We recently had the server motherboad die. Not being able to find a proper dell replacement locally, I over-nighted a used board I found on ebay, replaced the dead one and had the machine back up and running in a few days.

During this downtime, none of the domain users could connect to machines with domain credentials or receive mail as the machine was down.

Since then I have acquired a second, almost identical Dell SC440 also with SBS 2003 installed.

What I am wondering is if there is a way to setup this second SBS 03 machine as a secondary domain controller as well as a backup exchange server.

What I am thinking is that if server A dies suddenly, Server B picks up where it left off and users are able to login to network PCs using domain credentials and still receive exchange emails.

I have never setup a domain like this (i am just a small time guy) but I have heard that there would be issues having 2 SBS machines running in the same domain. I am thinking this is a licensing gimmick as a business that would require more than 2 servers is not "small" but really I am just speculating from what I have read/heard from others.

If that is the case, does this mean I would need to reinstall a copy of Server 03 standard (instead of sbs03) and a seperate copy of exchange on the second server to get this to work as I intend or am I OK trying to do a setup like this with 2 x SBS 03 machines?

As you can tell I am not a pro at this stuff so please have some patience with me. I am not all that bright when it comes to server os however I am persistent.

Thanks for any insight you may be able to provide!


----------



## srhoades (May 15, 2003)

Cannot be done. You can have multiple domain controllers with SBS, as long as the SBS machine has all the FSMO roles, but you cannot run two SBS machines simultaneously. Eventually one (if not both) will start rebooting every hour.

http://support.microsoft.com/kb/925652


----------



## ImagingGuy2015 (Feb 14, 2008)

Well thats not great news, but really would it even matter if the second machine reboots every hour? As long as its online if server A fails, I could care less about what it is doing when its not needed as it is not being used for anything else. Maybe power cycling every hour for years on end would mess it up though ? Its only role in life would be to authenticate users and run exchange if server A ever had a hardware failure.

Really all I care about is disaster recovery. I just need to make sure that if server A hardware ever fails like it did last time that I can at least get everything up and running asap.

Another idea that might work I am thinking is if I kept the 2nd machine offline. Then if server A has a hardware failure, I could just unplug one of the drives (2x500GB in raid 1) and then plug it into server B and boot it up. Then at least there would be minimal downtime providing both of the hard disks dont suddenly fail. 
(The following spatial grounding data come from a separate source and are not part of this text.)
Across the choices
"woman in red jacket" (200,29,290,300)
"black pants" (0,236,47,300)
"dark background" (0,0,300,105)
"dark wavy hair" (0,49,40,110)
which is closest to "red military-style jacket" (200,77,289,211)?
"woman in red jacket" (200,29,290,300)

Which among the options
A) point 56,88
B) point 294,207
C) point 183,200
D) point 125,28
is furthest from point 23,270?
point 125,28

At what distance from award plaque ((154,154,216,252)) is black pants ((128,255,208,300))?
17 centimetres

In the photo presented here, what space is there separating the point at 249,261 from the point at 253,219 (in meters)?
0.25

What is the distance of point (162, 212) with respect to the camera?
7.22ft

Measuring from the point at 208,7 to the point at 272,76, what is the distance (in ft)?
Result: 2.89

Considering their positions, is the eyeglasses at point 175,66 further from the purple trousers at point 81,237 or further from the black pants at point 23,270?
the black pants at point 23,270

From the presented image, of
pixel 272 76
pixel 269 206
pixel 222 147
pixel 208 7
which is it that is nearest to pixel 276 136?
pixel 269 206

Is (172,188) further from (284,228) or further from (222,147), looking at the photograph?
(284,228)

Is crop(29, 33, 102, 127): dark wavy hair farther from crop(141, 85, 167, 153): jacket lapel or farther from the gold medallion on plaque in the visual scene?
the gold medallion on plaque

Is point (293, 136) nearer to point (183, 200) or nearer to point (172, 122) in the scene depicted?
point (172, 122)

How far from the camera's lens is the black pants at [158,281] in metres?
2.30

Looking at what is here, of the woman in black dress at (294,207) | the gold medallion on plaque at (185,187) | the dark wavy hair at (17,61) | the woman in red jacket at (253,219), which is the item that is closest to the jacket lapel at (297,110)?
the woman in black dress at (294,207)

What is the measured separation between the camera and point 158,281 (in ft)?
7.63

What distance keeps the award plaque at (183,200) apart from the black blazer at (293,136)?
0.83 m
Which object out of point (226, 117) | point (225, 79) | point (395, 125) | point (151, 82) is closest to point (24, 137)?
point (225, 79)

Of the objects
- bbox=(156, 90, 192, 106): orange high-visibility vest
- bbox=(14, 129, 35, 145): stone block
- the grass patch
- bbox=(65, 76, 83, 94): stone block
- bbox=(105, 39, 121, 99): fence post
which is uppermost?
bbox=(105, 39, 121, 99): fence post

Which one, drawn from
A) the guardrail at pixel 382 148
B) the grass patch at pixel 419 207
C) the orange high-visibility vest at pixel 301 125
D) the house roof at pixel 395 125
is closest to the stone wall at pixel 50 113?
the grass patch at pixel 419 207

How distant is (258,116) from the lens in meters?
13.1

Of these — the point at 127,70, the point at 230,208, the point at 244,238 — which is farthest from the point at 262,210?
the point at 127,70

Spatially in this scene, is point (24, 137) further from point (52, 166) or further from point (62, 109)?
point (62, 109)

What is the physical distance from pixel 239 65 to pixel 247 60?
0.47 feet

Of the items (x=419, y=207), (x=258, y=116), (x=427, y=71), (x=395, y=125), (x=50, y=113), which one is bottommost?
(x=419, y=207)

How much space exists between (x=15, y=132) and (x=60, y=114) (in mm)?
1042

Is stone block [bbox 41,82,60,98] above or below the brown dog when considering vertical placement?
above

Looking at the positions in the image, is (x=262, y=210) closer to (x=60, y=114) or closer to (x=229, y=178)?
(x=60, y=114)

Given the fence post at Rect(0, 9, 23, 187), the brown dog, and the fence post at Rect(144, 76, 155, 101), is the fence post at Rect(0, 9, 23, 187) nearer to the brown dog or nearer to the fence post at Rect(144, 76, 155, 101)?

I wonder if the server OS would give me much grief switching between the 2 PCs. I do it all the time with XP machines, but never tried with a server OS. Then only hardware difference is that one is a xeon 1.6 and the other is a pentium D 3.0. Same mobo, RAID controller etc.


----------



## srhoades (May 15, 2003)

You're better of investing in a decent backup solution. Many backups now can be converted into a VHD to run in a virtual machine. That way you can run the backup in a VM until you can get the original server repaired or replaced.


----------



## ImagingGuy2015 (Feb 14, 2008)

interesting that you mentioned the vhd hard drive images.

I had previously used clonezilla to implement backups images of their xp desktops, but never thought about trying to use something like clonezilla on a server OS with hardware raid, but since the setups are practically identical I figured it was worth trying.

Today I tried it out and was able to make an image of serverA running SBS 03 with multiple partitions running in raid 1 with hardware raid. I was then able to restore the image on serverB without issue.

Now that I have the image, I believe all I need to do is make a nightly backup of active directory and exchange.

Then if server A ever dies suddenly, I just turn on server B, restore a recent backup of active directory and the exchange database and I think I will be good to go as there are never any configuration changes made to the server other than windows and AV updates.

and since both servers have a legit license of sbs 03 with the same number of legit CALs, I believe I am perfectly legal with this as well as far as licensing goes.

Time to do some testing I guess.


----------